A couple of weeks ago, I sat down with my morning coffee before sunrise and opened my Twitter app. I came across a video that was just posted a few hours earlier and was making its way around the Twitter universe. It featured a well-known left wing progressive congresswoman being berated and interrupted at her townhall meeting by young progressives that felt betrayed by her. She was presenting to her constituents the work she was doing in Congress. The one young protestor stood up and said, “It doesn’t matter what else you are working on, if we are all dead in a nuclear war.”
I quickly began to think that many of us in the social conservative public policy world feel the same way. It does not matter what else politicians do on issues of inflation, crime, or immigration – if the nuclear family is dismantled, deconstructed, and destroyed; the American experiment in self-government is over. Period.
This is why we must vote!
First, because we have been blessed to live in a constitutional republic that gives us the power to elect people to represent us in Congress. An election winner has the consent of the majority of their constituents to be their voice in the most powerful legislative body on earth. Wait. Let me clarify. They received the majority of votes, but it does not mean the majority of eligible voters elected them. Often, if you add the total votes of the losing candidates and the missing votes of people who failed to carry out their civic duty to vote – less than 50% of the eligible voters supported the winner!
Second, the religious freedom to teach God’s creative order in the universal gender binary, and the definition of the divine institution of marriage, must matter more to Biblically minded Christians than any other issue. We understand that God has designed society to flourish on the strength of healthy families that consist of moms and dads and boys and girls.

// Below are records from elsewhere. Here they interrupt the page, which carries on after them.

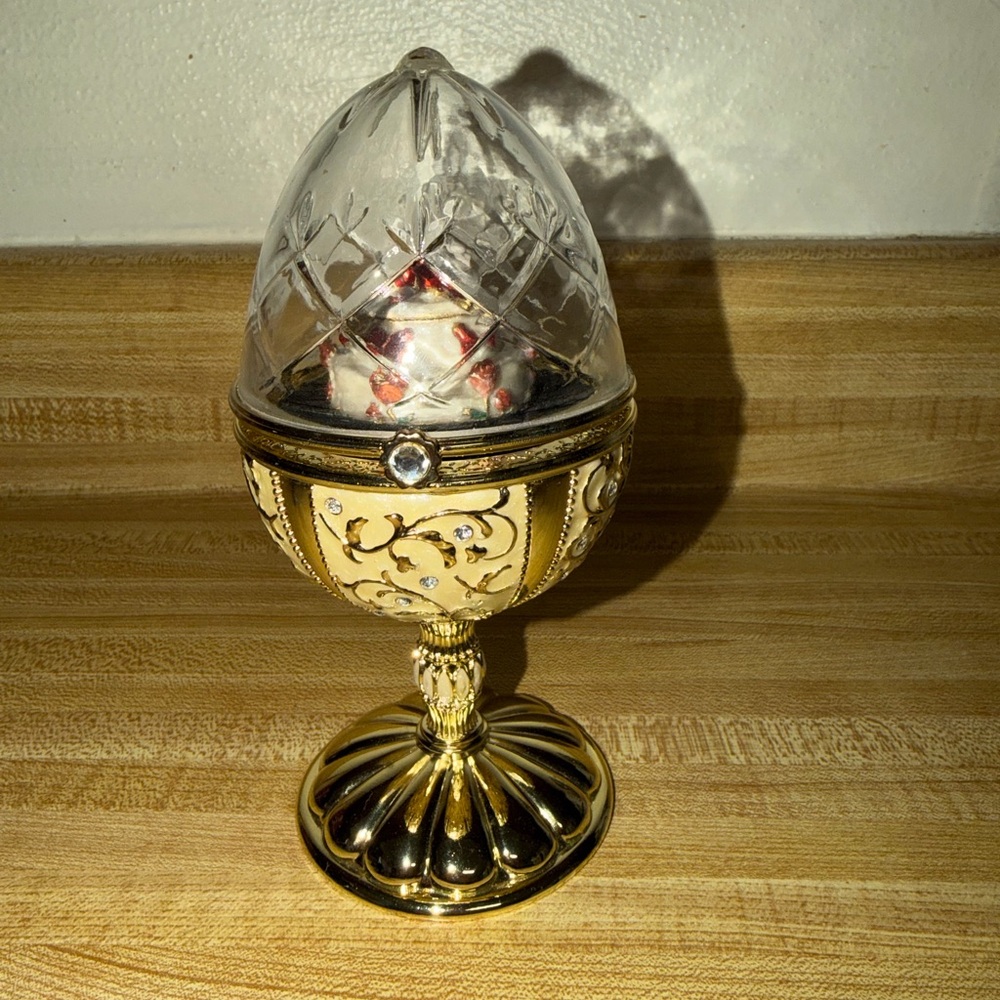 Elegant Gold Crystal Egg ring holder music box home decor proposal engagement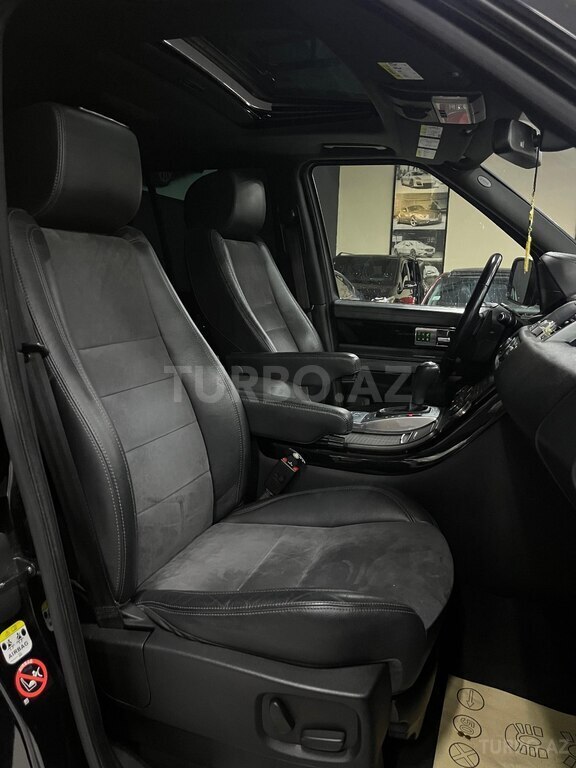 Land Rover RR Sport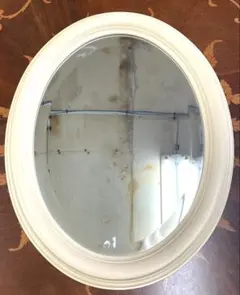 イタリア製 壁掛けミラー 鏡 薄クリーム系 木製ミラー アンティーク調 オーバル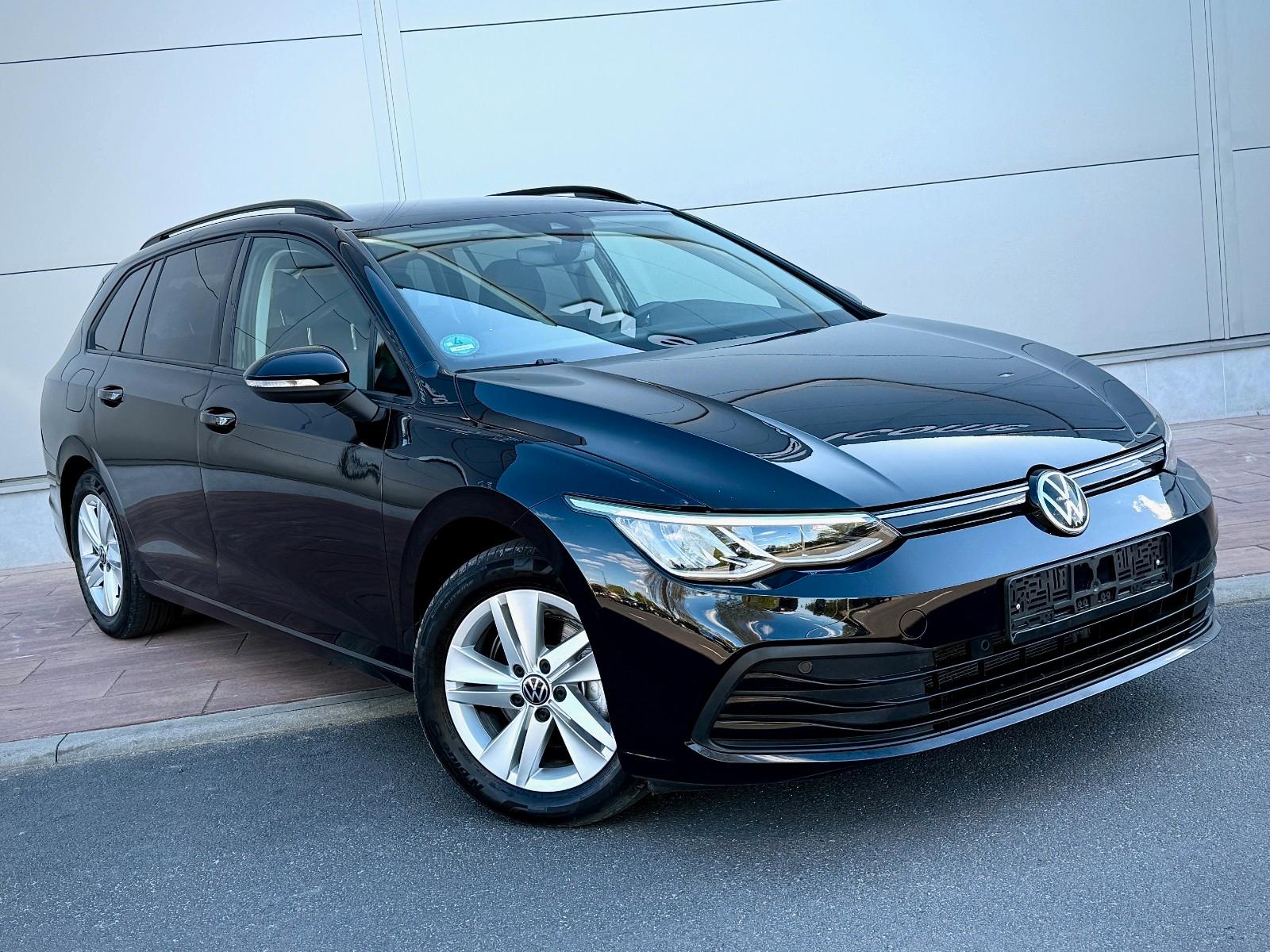 Volkswagen Golf VIII Variant Life eTSI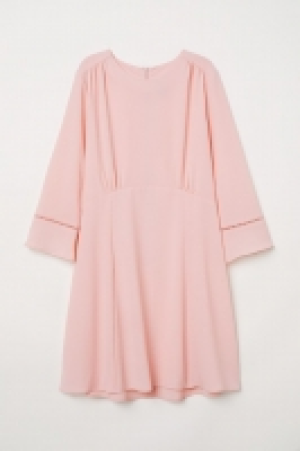  Vestido en crepé 15.99 €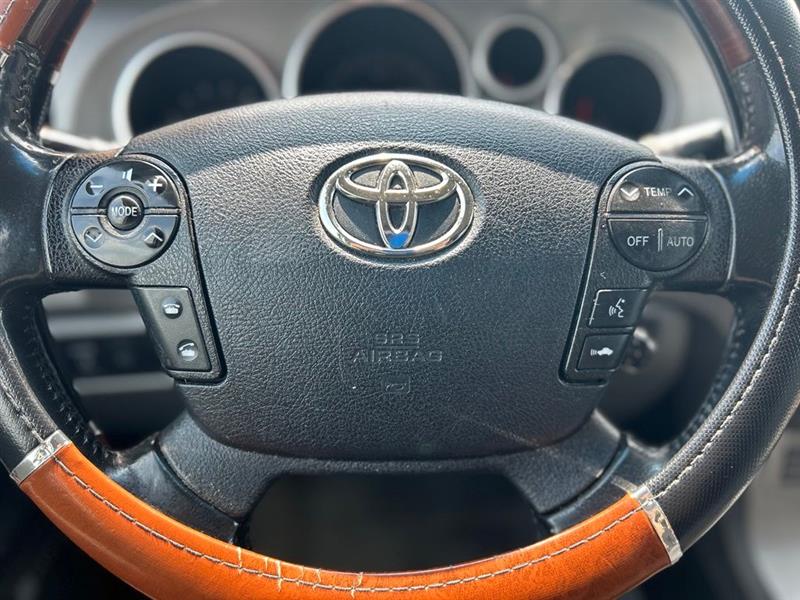 2011 TOYOTA SEQUOIA PLATINUM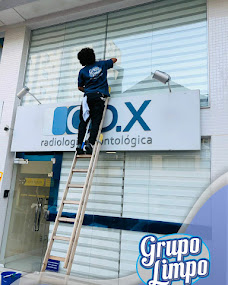 Limpeza de fachada comercial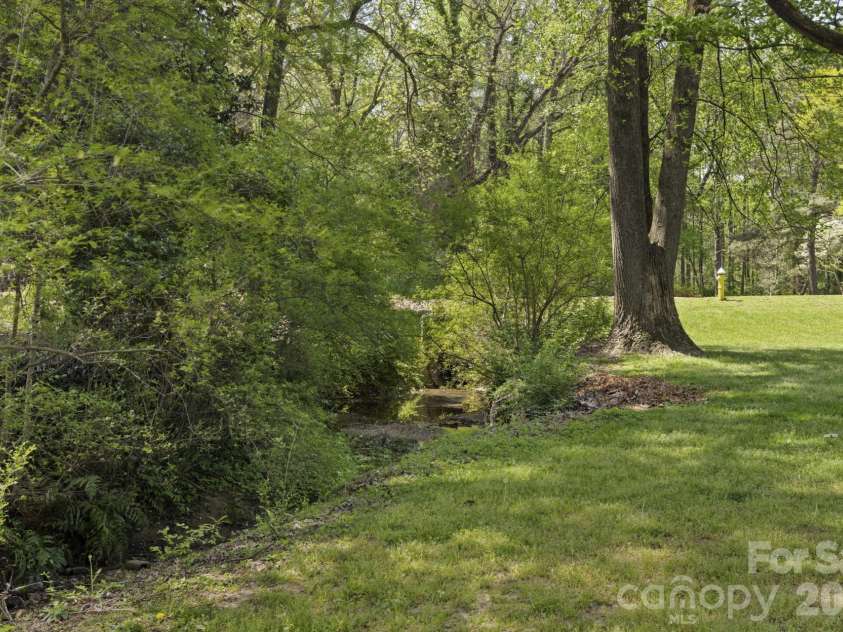 607 12th Avenue, Hickory, NC 28601.  MLS# CAR4363073, YatesRealty ID 16506. 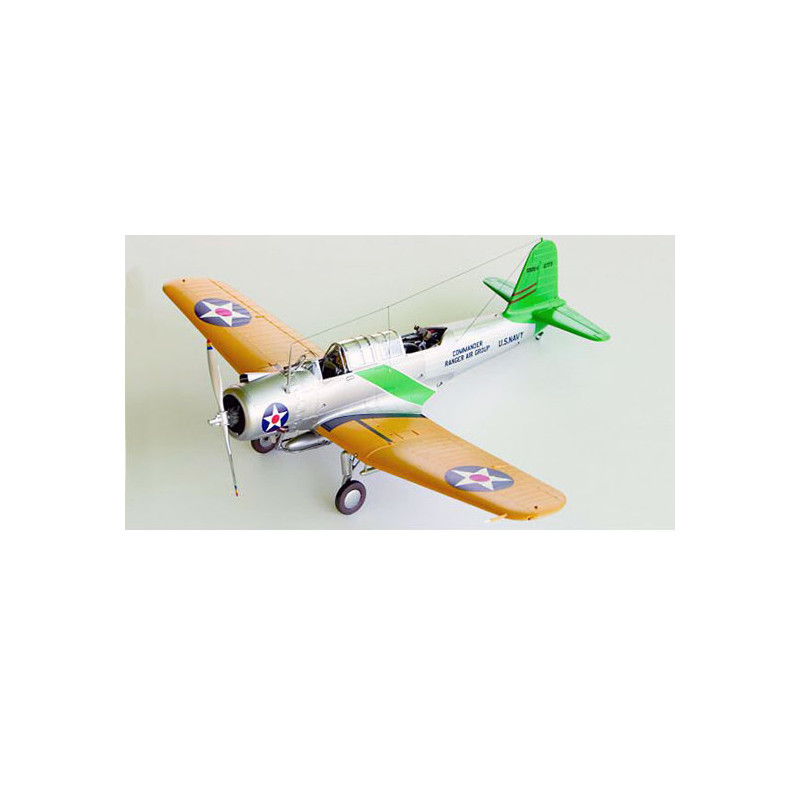 Maquette d'avion en plastique SB2U-1 Vindicator Commander air group USS Range (CV4) 1/48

But who should you vote for in 2022? Who will defend your religious freedoms in the next Congress? Who will truly represent your views on marriage and life?
I want to recommend a Congressional New Jersey voter guide developed by our friends at IVoterGuide.com. This interactive voter guide offers great insight on where the candidates stand on the issues most important to you.
Early voting is now open through Sunday. In-person voting is Tuesday, Nov 8. If you requested a vote by mail ballot, please return it before Nov 8.